**TRY IT:** Copy every record below exactly as written, but leave out the pictures.
RECORDED DATA section start
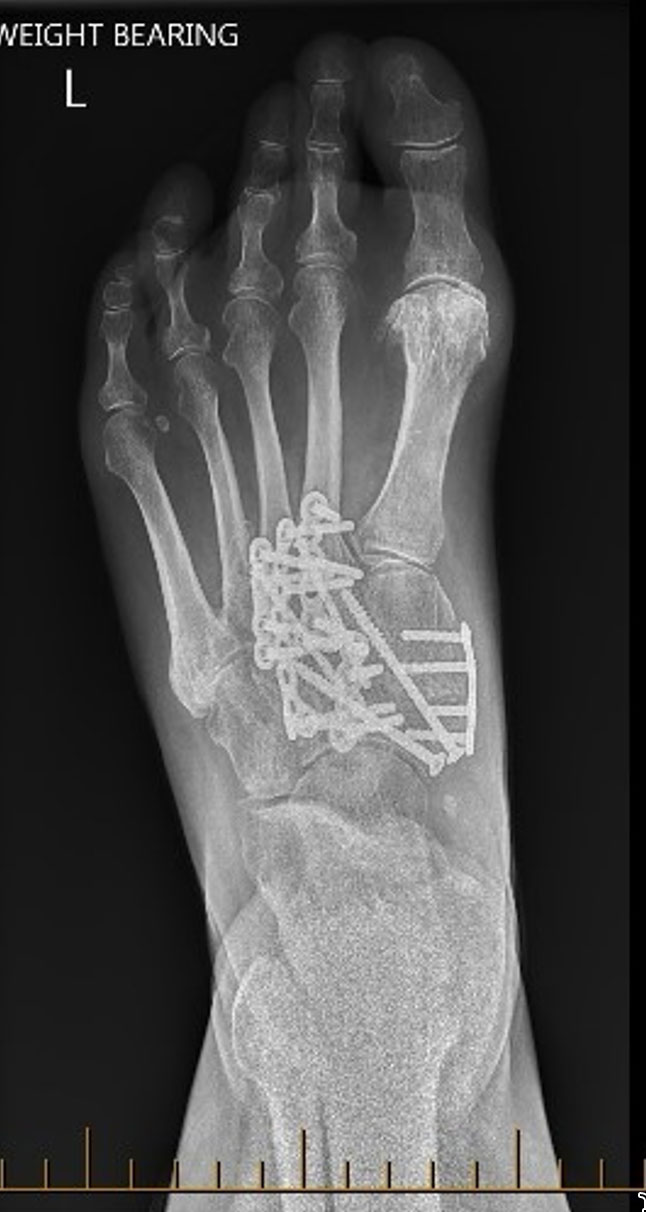 Ankle osteoarthritis may require ankle fusion surgery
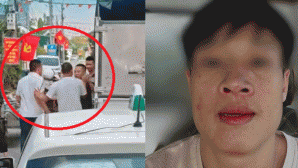 Hải Phòng: 4 gã đàn ông nhổ nước bọt, đánh đập tài xế lái xe tải dù đã được chủ động nhường đường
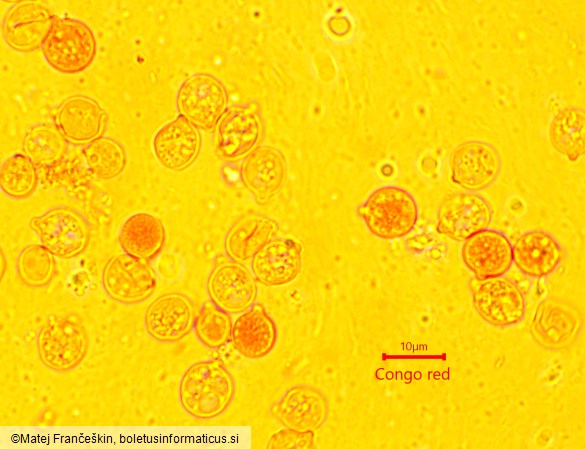 Naematelia encephala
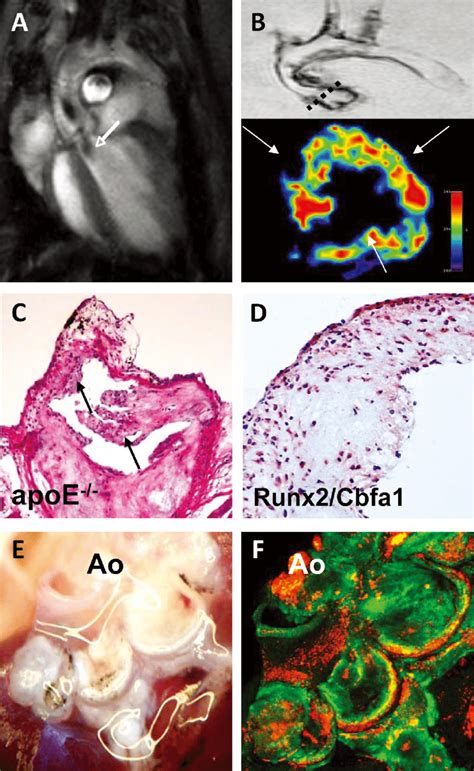 Visualizing Aortic Valve Calcification A Magnetic Resonance Imaging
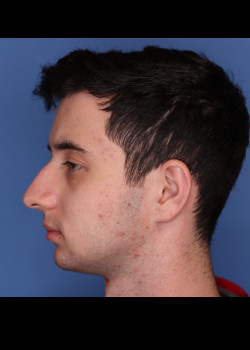 Male Rhinoplasty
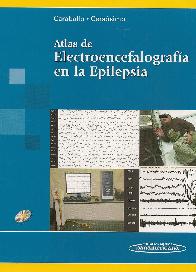 Atlas de Electroencefalografa en la Epilepsia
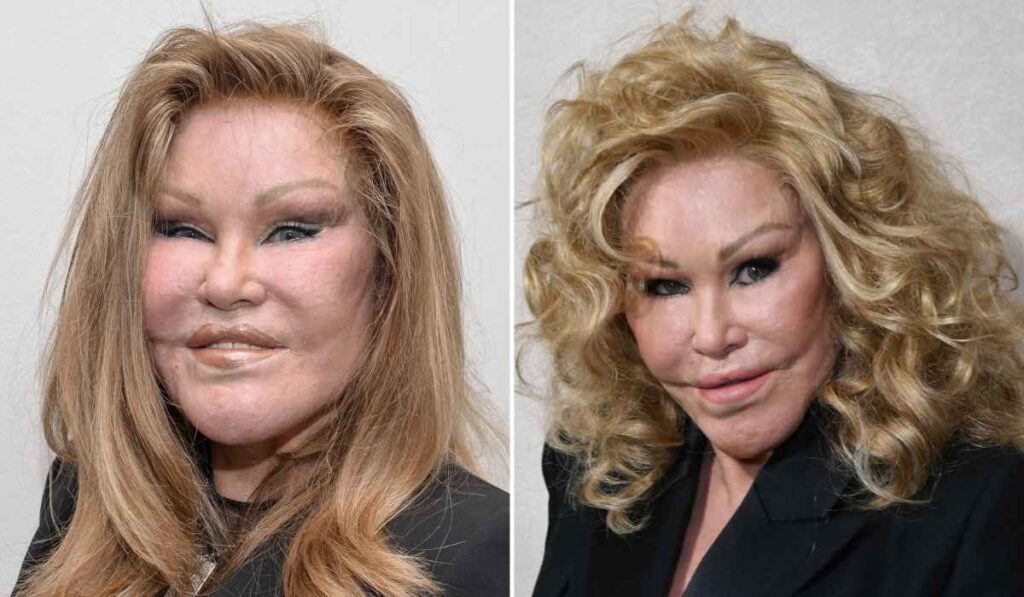 Jocelyn Wildenstein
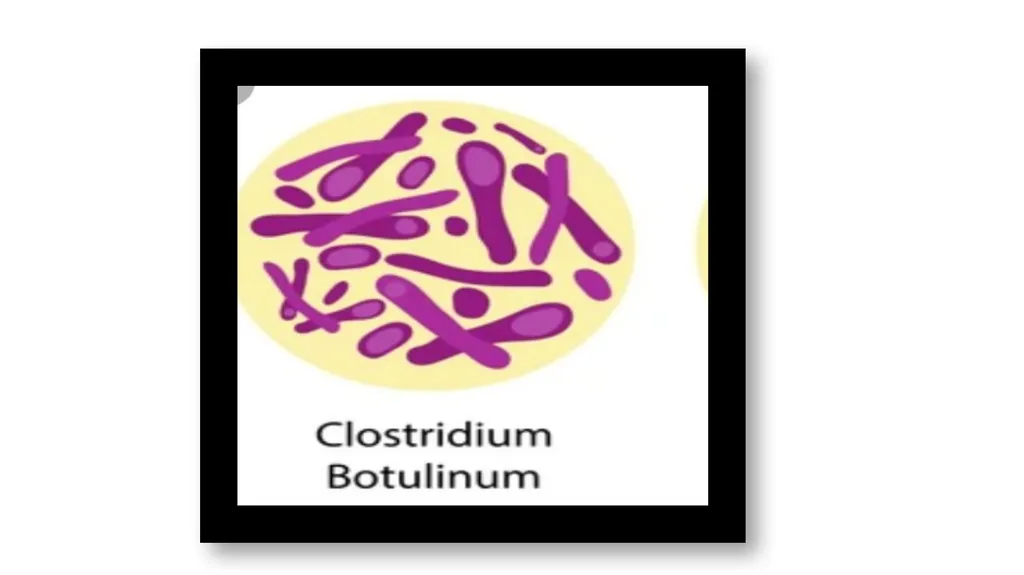 PATHOGENIC MICROORGANISMS WHAT IS A PATHOGEN? A - slide 35 of 38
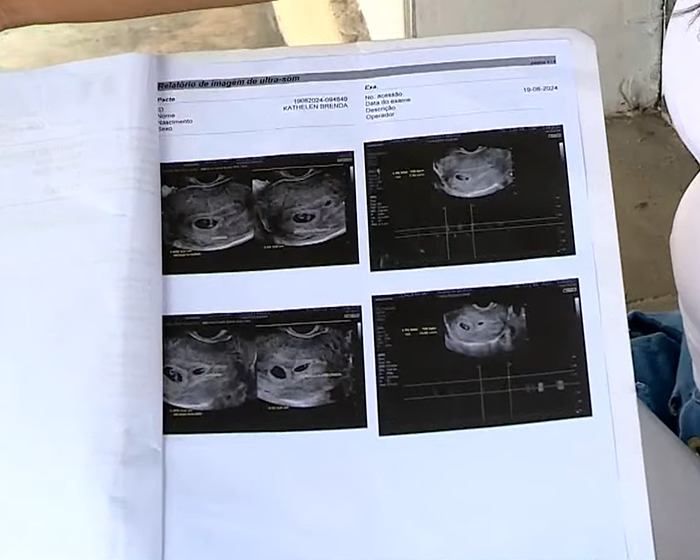 Ultrasound scans held by a pregnant woman expecting twins, showing different views.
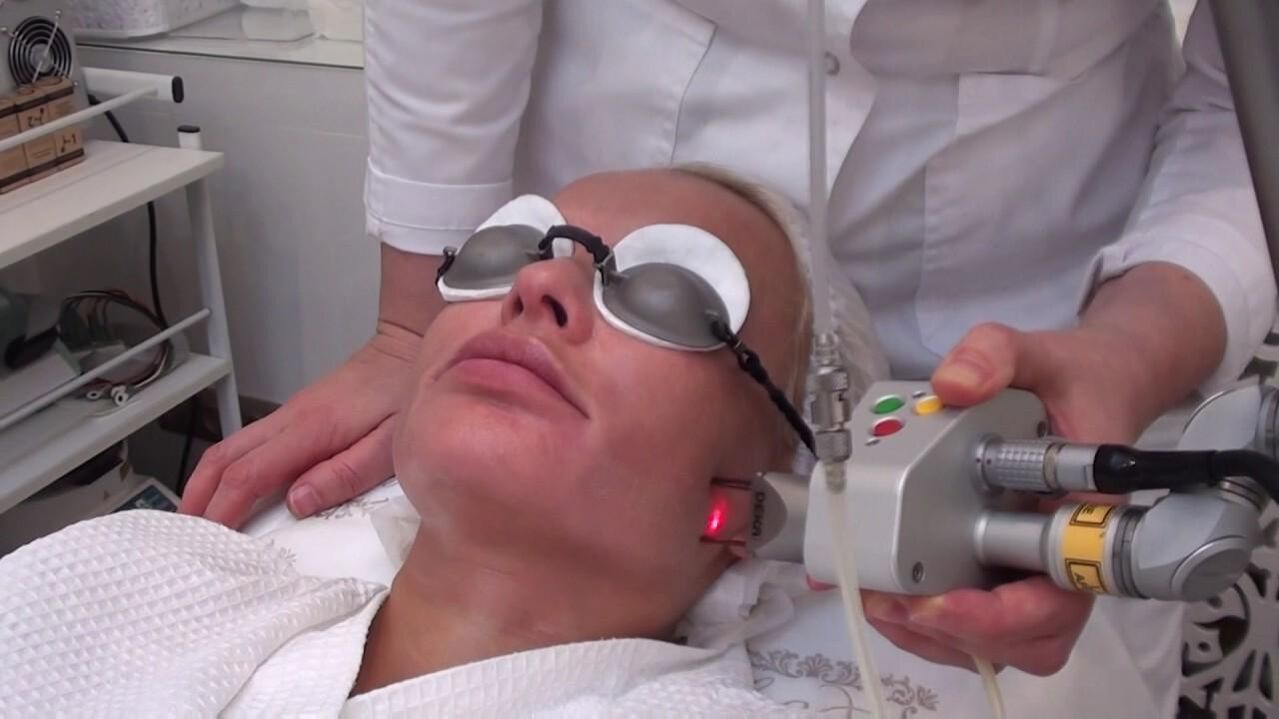 Третман со ласерски зрак на проблематичните области на кожата на лицето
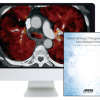 Practical Dual-Energy CT Throughout the Body 2021 (Videos)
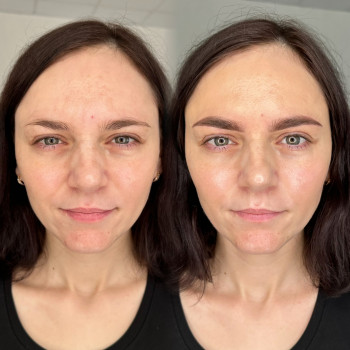 Перманент брів у пудровій техніці
                    Майстер перманентного макіяжу Ирина Кропивницький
RECORDED DATA section end
**SOLUTION:**
 Ankle osteoarthritis may require ankle fusion surgery
 Hải Phòng: 4 gã đàn ông nhổ nước bọt, đánh đập tài xế lái xe tải dù đã được chủ động nhường đường
 Naematelia encephala
 Visualizing Aortic Valve Calcification A Magnetic Resonance Imaging
 Male Rhinoplasty
 Atlas de Electroencefalografa en la Epilepsia
 Jocelyn Wildenstein
 PATHOGENIC MICROORGANISMS WHAT IS A PATHOGEN? A - slide 35 of 38
 Ultrasound scans held by a pregnant woman expecting twins, showing different views.
 Третман со ласерски зрак на проблематичните области на кожата на лицето
 Practical Dual-Energy CT Throughout the Body 2021 (Videos)
 Перманент брів у пудровій техніці
                    Майстер перманентного макіяжу Ирина Кропивницький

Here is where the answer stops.